# military ID card renewal



## Jo

Maybe I'm the last to know but went to renew card today, when they issue new cards, that don't put social security numbers on now.......good news, but my husband had to get new card also, we thought is was good forever....not so......so heads up and check if you need new one. Anyway thought I share infor.


----------



## 1shotwade

No expiration on mine or wifes VA Cards.??


Wade


----------



## poppy

Jo said:


> Maybe I'm the last to know but went to renew card today, when they issue new cards, that don't put social security numbers on now.......good news, but my husband had to get new card also, we thought is was good forever....not so......so heads up and check if you need new one. Anyway thought I share infor.


Yep, The retiree has to renew his/her card every 3 years until age 65, at which time he/she will get a permanent one for the rest of his/her life. The spouse has to keep updating his/her card even after age 65. One problem we've had since they took the SS number off the card is my wife using Tricare. They used to put my SS number on her card because all claims must be submitted with the service member's SS number. We've had 2 instances where doctors have now used my wife's SS number to submit claims for her and Tricare sends them back.


----------



## sherry in Maine

thanks Jo, I need to renew mine very soon. I keep forgetting; I like to use the commissary, dont get up there often enough. Want to do it well before holiday 'stuff' that kind of screws up paperwork.....although now, during the computer era, maybe it's not the same.....


----------



## 1shotwade

Looks like that's one problem I won't run into in life since my wife is a veteran also!


Wade


----------



## Raymond James

1 Shotwade are you both retired military? If both of you are retired and you use Tricare one of you has to be a family member on DEERS for TRICARE . I have my retiree ID and a Family member ID card that I only use for TRICARE . Wife retire on paper one month after I did ( we both started terminal leave same day she just had more leave time to use) there for she is the sponsor and all the TRICARE insurance billing is under her SS. 

I think the rules on the cards must of changed as my retiree card is indef issued May 2001only the family member card has an expiration Originally issued May 2001 update in 2009 expires in 2018.

I think you need to look at them to make sure you stay up on when they are do to be updated. 


If you need your cards updated soon go well before the next budget deadline as the ID card section was closed during the last shut down. May not happen again but I would not want to have the ID expire and then not be able to renew it for days/ weeks /months.


----------



## 1shotwade

Ray-Maybe I said it wrong. We are both veterans but neither of us retired from the military. We both retired from state service but maintain our VA healthcare. Is that a little clearer. Sorry for the misunderstanding.


Wade


----------



## Txpipecarver

I am a nurse at a MTF and we still use the sponsors SSN to track all treatments medication and labs


----------



## ET1 SS

My ID card was issued to me in March 2001, when I retired.

On the front its 'expiration date' says INDEF, and it displays my SSN.

On the back its 'EXP Date' says March 2014.

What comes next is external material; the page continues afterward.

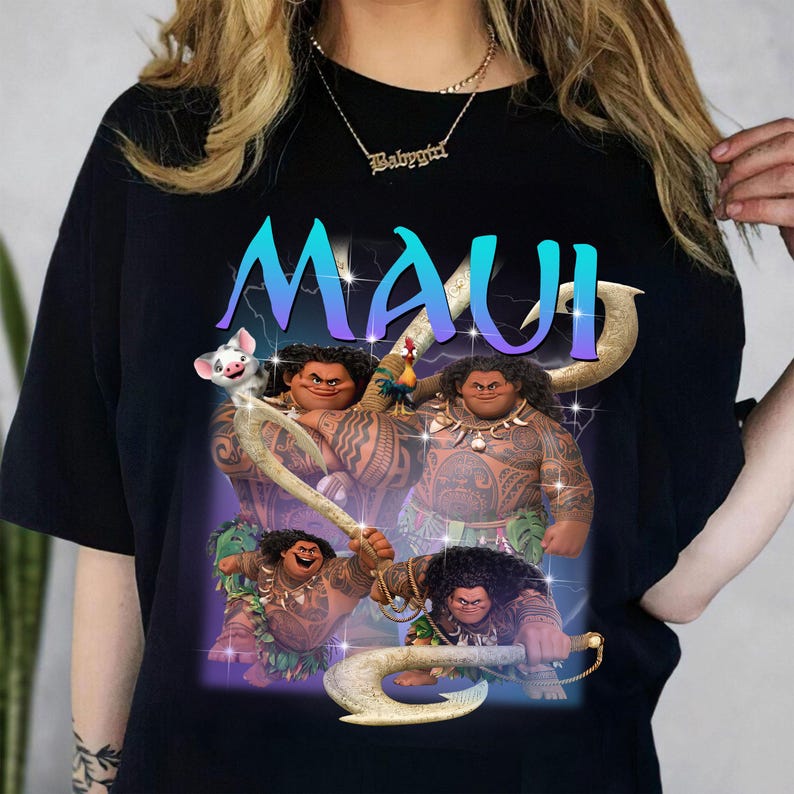 May include: Black t-shirt featuring a graphic of the character Maui from the animated film Moana. The word "MAUI" is displayed in large, blue and purple letters. The image includes illustrations of Maui with his magical fish hook and other characters.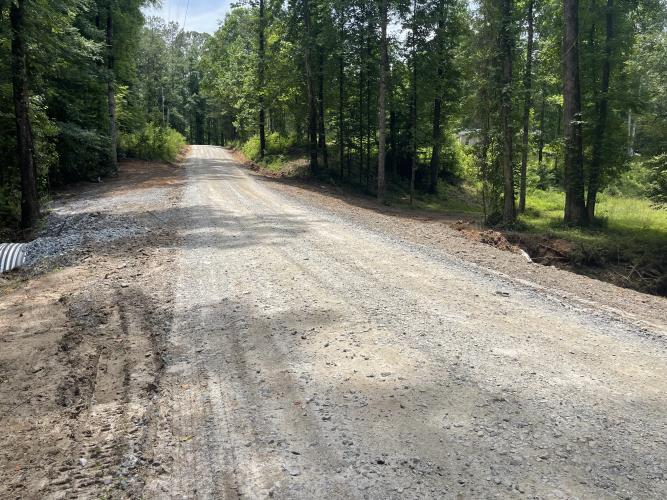 The newly repaired Emerald Green Drive. The Oglethorpe and Madison County works crews were able to get the road reopened on Tuesday, May 26, one day after it washed out. (Lexie Shadix/The Oglethorpe Echo)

I think it means that my benefits as a retiree will never expire, but that my ID card will need to be replaced 13 years after I first retired.


----------



## Jo

I didn't explain well.....the back of the card is the medical experation date and that is why you have to get a new card. But my husbands was experied since 2006 and no one ever caught it, even thought he has several surgery and lots of tests and perscriptions. Any way we are legal for the next 5 years for him and 6 for me, then when your 75 years old you get a card for ever. Unless the sponsor dies then you need to get another card. 
The biggest thing is to get your card renewed and get all the Social Security numbers off the ID card, you get new numbers for medical.
I could explain things better if I didn't have to write them.


----------



## farmerj

poppy said:


> Yep, The retiree has to renew his/her card every 3 years until age 65, at which time he/she will get a permanent one for the rest of his/her life. The spouse has to keep updating his/her card even after age 65. One problem we've had since they took the SS number off the card is my wife using Tricare. They used to put my SS number on her card because all claims must be submitted with the service member's SS number. We've had 2 instances where doctors have now used my wife's SS number to submit claims for her and Tricare sends them back.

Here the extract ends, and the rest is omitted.